Start of RECORD EXTRACTS

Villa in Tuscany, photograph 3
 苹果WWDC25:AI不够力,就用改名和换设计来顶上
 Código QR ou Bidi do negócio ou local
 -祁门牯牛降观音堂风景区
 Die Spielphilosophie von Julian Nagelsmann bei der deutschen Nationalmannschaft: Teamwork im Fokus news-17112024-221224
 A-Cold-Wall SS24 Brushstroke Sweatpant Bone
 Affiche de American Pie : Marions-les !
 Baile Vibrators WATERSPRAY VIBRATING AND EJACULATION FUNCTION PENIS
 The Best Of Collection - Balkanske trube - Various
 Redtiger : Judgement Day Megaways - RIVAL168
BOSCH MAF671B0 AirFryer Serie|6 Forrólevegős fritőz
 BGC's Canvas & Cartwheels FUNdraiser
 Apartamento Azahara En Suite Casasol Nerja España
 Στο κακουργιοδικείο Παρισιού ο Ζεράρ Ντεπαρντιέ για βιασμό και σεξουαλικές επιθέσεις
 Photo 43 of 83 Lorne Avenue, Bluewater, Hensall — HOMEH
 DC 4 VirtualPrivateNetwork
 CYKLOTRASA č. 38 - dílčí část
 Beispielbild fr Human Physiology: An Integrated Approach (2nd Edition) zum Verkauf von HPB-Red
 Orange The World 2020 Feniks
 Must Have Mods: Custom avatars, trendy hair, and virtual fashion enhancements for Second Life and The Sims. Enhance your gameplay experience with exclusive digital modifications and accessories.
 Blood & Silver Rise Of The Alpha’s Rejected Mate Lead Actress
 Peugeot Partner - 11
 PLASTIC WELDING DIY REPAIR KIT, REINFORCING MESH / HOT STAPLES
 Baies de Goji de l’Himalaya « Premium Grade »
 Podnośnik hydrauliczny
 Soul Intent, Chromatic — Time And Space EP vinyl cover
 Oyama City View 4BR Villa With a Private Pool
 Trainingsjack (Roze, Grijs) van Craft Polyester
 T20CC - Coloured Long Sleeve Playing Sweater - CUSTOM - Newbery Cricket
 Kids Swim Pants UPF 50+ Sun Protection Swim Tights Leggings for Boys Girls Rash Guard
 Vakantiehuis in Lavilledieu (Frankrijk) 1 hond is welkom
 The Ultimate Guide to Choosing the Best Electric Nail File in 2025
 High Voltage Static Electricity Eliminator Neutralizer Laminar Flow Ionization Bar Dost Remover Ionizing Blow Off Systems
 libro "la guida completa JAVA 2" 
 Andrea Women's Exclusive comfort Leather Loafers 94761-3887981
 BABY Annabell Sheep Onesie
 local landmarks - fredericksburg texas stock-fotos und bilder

End of RECORD EXTRACTS

— TASK DESCRIPTION —
Check the records above and copy each line that has the string "Villa".

— EXERCISE SOLUTION —
Villa in Tuscany, photograph 3
 Oyama City View 4BR Villa With a Private Pool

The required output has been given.